• **Data shown**:
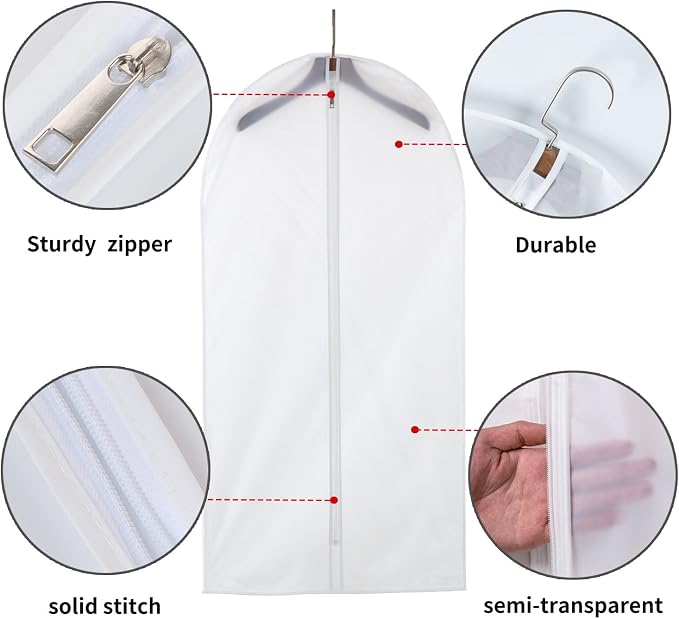 MsKitchen 6 Pack Garment Bags for Hanging Clothes - Image 3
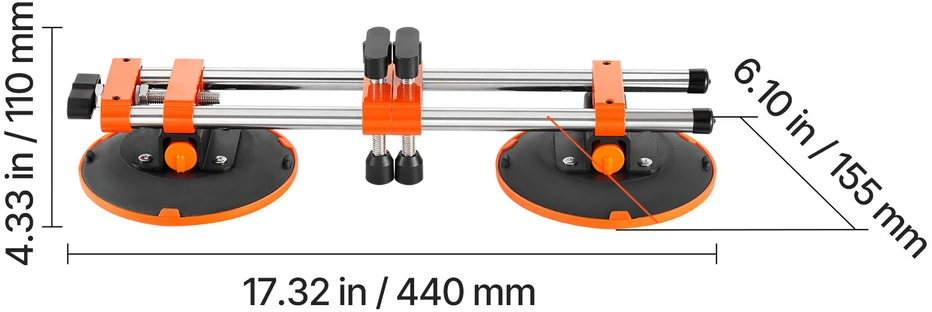VEVOR Beslėgis siūlių sujungiklis stalviršiui su 15 cm siurbtuku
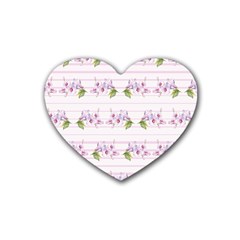 Floral Pattern Rubber Coaster (heart)  by SuperPatterns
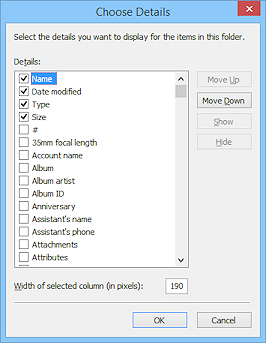 Dialog: Choose Details (Windows 8.1)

• **About this task**: In the data above, find the line with "VEVOR Beslėgis siūlių" and repeat it and every line after it through the end, exactly; leave the pictures out.

• **Result of this task**:
VEVOR Beslėgis siūlių sujungiklis stalviršiui su 15 cm siurbtuku
 Floral Pattern Rubber Coaster (heart)  by SuperPatterns
 Dialog: Choose Details (Windows 8.1)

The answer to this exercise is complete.